Die Karte „Der Turm“ trägt im Rider-Waite-Tarot die Zahl XVI. Nach den Fesseln des Teufels (XV) bringt sie den plötzlichen, schmerzhaften Befreiungsschlag. Die 16 gilt in vielen Traditionen als Zahl der göttlichen Vollkommenheit: Im Hinduismus etwa symbolisieren die 16 Strahlen des Vishnu besondere Kräfte. Doch göttliche Ordnung erscheint nicht immer als sanfte Harmonie – manchmal bricht sie wie ein Blitz herein. Der Turm ist dieses göttliche Eingreifen: zerstörerisch, doch notwendig.
Symbolsprache: Ein hoher Turm wird von einem Blitz getroffen. Flammen schlagen aus den Fenstern, eine Krone stürzt vom Dach, zwei Menschen fallen kopfüber in die Tiefe. Dunkler Himmel, Chaos, doch auch das befreiende Feuer.

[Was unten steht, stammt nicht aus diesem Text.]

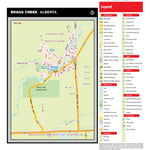 Bragg Creek, AB Preview 1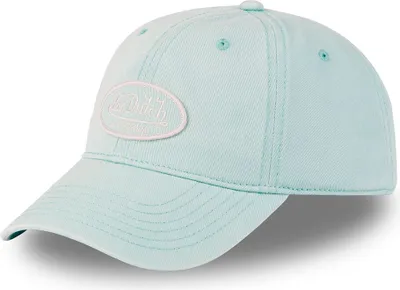 Immagine prodotto di Da Dutch Log 4 Cd Cap Blu Uomo Blu Taglia Unica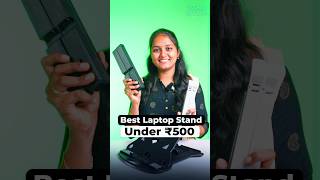 Best 💻Laptop Stand Under 💰₹500❗😍😍 shorts trending [upl. by Colas]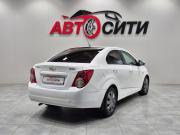 Chevrolet Aveo II Воронеж  - изображение 28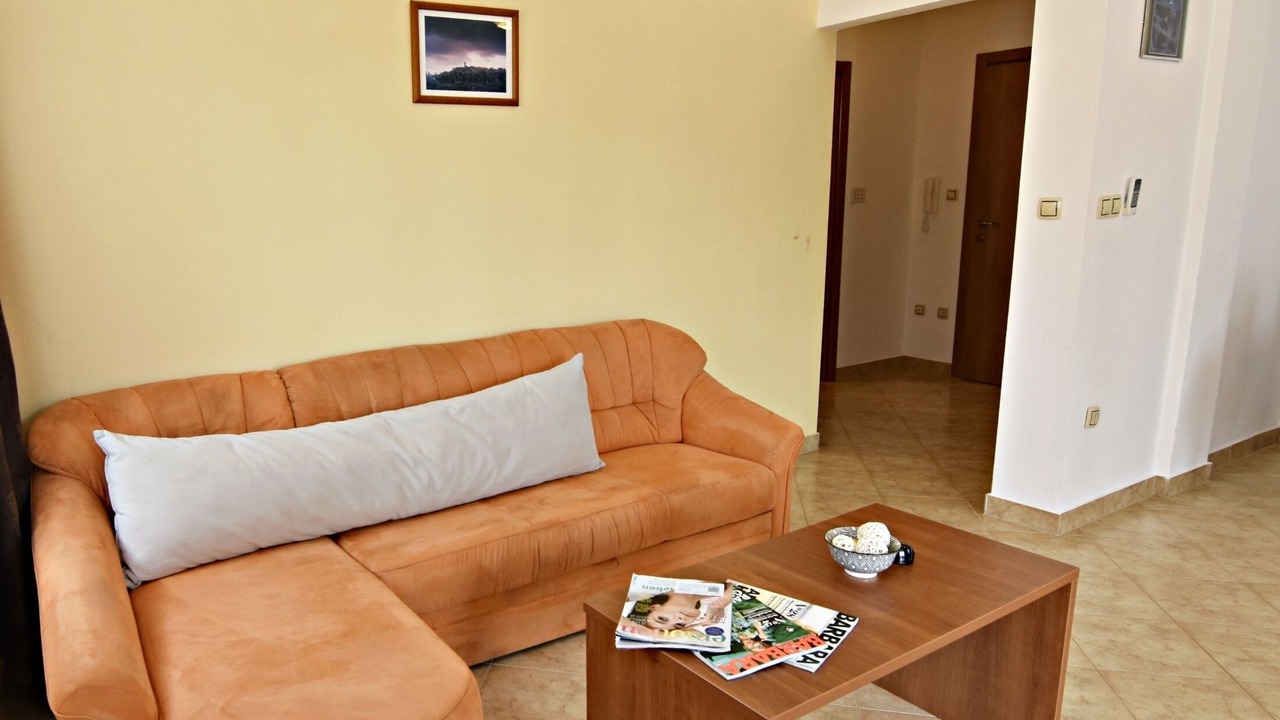 Photo of Livingroom in Tar-Vabriga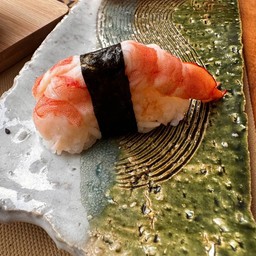 ซูชิกุ้ง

Sternenbach-Analyse – Der Turm Bedeutung im Tarot
Bildbeschau
Der Turm ist fest gebaut, aus Stein – Symbol für Strukturen, die starr und unflexibel geworden sind. Der Blitz aus dem Himmel reißt ihn auseinander, ein Hinweis auf göttliches Eingreifen, das keine Lüge und keine falsche Sicherheit duldet. Die Krone, die herabfällt, symbolisiert den Verlust menschlicher Hybris, Stolz oder Macht, die sich über das Leben erheben wollte. Die beiden Gestalten, die stürzen, sind nicht klar identifiziert: Sie stehen für uns alle – niemand bleibt verschont. Doch das Feuer reinigt: Es verbrennt, was nicht mehr Bestand hat.
Kontextualisierung
Im Tarot de Marseille heißt diese Karte „La Maison Dieu“ – das „Haus Gottes“. Schon dort war der Bezug zum göttlichen Blitzschlag erkennbar, wenngleich oft als Katastrophe verstanden. Arthur Edward Waite und Pamela Colman Smith gaben der Karte im Rider-Waite eine besonders dramatische Dynamik: Feuer, Blitz und stürzende Figuren. Im Thoth-Tarot Crowleys trägt sie den Titel „The Tower“ und wird mit Mars verbunden – zerstörerische, aber auch schöpferische Energie. Im historischen Tarot ist der Turm so stets eine Karte der Katastrophe – doch zugleich der Reinigung und Neuordnung.
Die Zahl 16
Die 16 verbindet die göttliche 1 (Ursprung, Wille) mit der 6 (Harmonie, Verantwortung). Zusammen entsteht ein Bild des göttlichen Eingreifens in menschliche Ordnungen. In hinduistischer Tradition sind die 16 Strahlen Vishnus Ausdruck höchster Kraft – eine Erinnerung, dass Vollkommenheit auch zerstörerisch wirken kann, wenn sie das Unwahre aufbricht. Die göttliche Ordnung zeigt sich im Turm nicht als Trost, sondern als radikaler Umbruch.
Schlüsselbegriffe
- Zerstörung & Befreiung: Was zerfällt, macht Platz für Neues.
- Schmerz & Reinigung: Der Umbruch tut weh, führt aber zur Klärung.
- Göttliches Eingreifen & Hybris: Menschliche Selbstüberhöhung wird vom Blitz der Wahrheit getroffen.
Die Heldenreise
In der Heldenreise markiert der Turm den tiefsten Umbruch, den Punkt, an dem der Held wirklich „geboren“ wird. Nach der Gefangenschaft beim Teufel sprengen Blitz und Feuer die Ketten. Doch die Befreiung ist hart erkauft: Der Held verliert Sicherheiten, Rollen, Masken. Der Sturz aus dem Turm ist schmerzhaft – aber notwendig, um im Stern (XVII) eine neue, klare Orientierung zu finden. Der Turm ist damit der Wendepunkt, an dem Krise zur Initiation wird.
Praxis-Transfer
- Reflexionsfrage: Welche Strukturen oder Sicherheiten in deinem Leben brechen gerade zusammen – und könnten sie vielleicht den Raum für etwas Befreiendes öffnen?
- Alltagsaufgabe: Denke an eine schmerzhafte Erfahrung in deinem Leben, die erst im Nachhinein zu einer positiven Veränderung geführt hat. Notiere, welche „versteckte Befreiung“ auch in aktuellen Umbrüchen liegen könnte.
Zusammenfassung
Der Turm im Rider-Waite-Tarot ist die Karte des plötzlichen Umbruchs, der schmerzhaften Befreiung. Seine Zahl 16 verweist auf göttliche Vollkommenheit, die sich nicht immer sanft, sondern oft zerstörerisch offenbart.
Wie der Tod ist auch der Turm negativ belegt – doch er ist nicht Ende, sondern Übergang: ein Befreiungsschlag, der den Weg zum Stern und zur Erneuerung öffnet. In der Heldenreise ist er der Moment der Transformation, an dem der Held in der Krise zu sich selbst findet.